BEGIN Supplied material
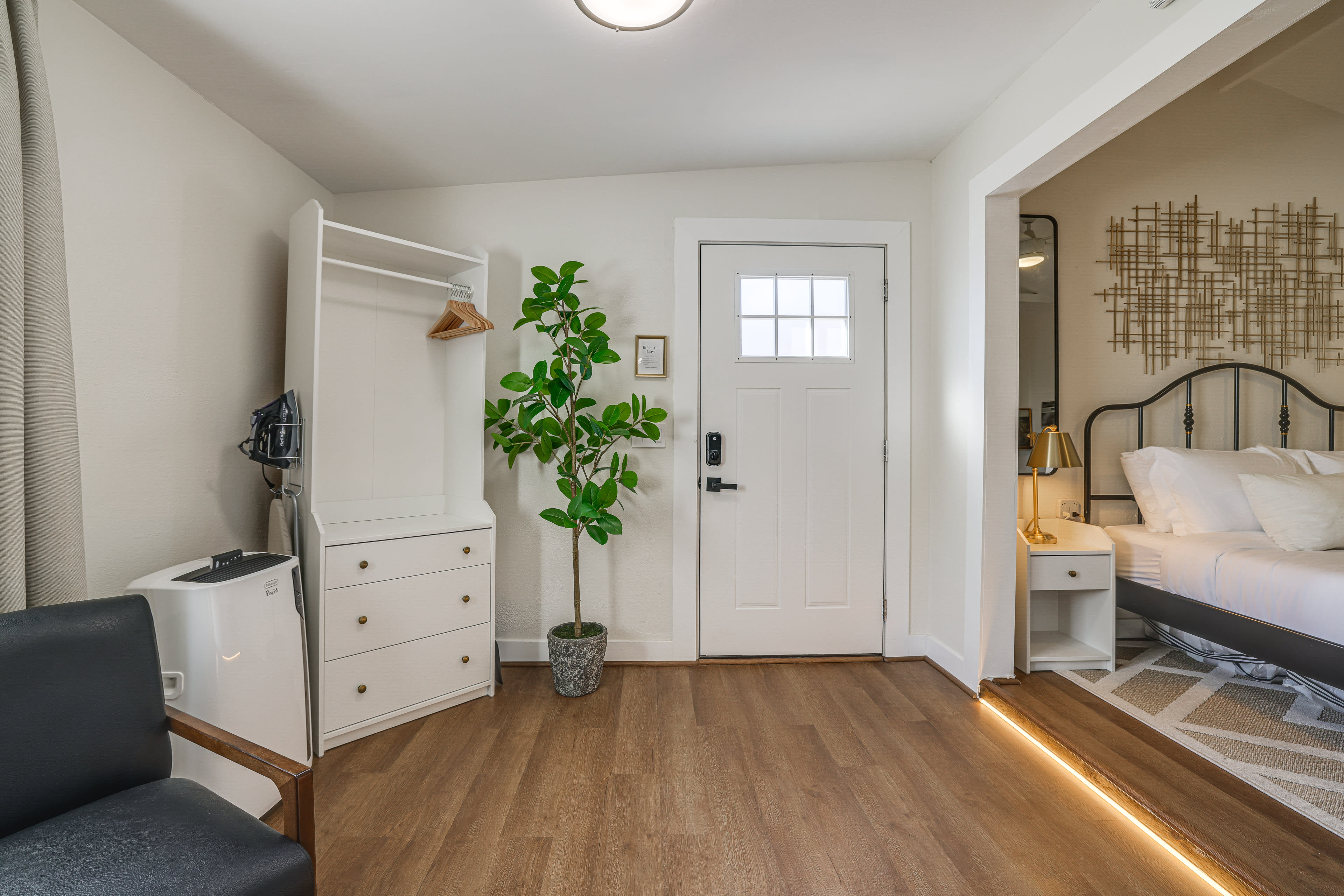 Entryway | Keyless Entry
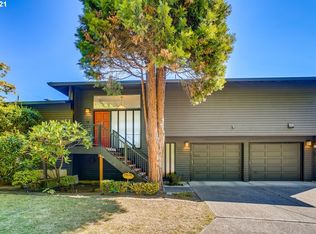 6530 SW View Point Ter, Portland, OR 97239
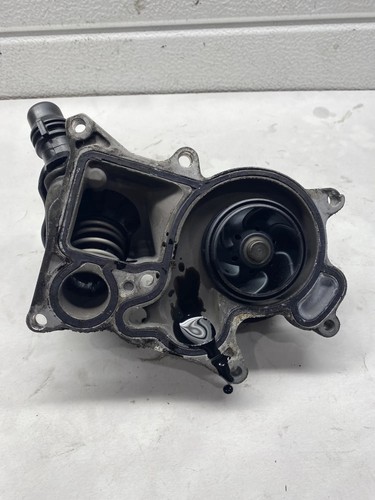 VW TRANSPORTER V T5 Minibus / passenger Wasserpumpe 3B0122291C Diesel 17901524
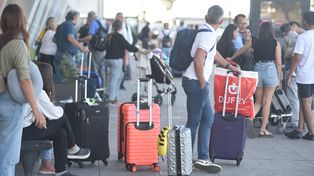El Aeropuerto Internacional Rosario Islas Malvinas continúa recuperándose.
END Supplied material
*Work task*.
Output the listing above in full and exactly, with pictures excluded.

*Task result*.
 Entryway | Keyless Entry
 6530 SW View Point Ter, Portland, OR 97239
 VW TRANSPORTER V T5 Minibus / passenger Wasserpumpe 3B0122291C Diesel 17901524
El Aeropuerto Internacional Rosario Islas Malvinas continúa recuperándose.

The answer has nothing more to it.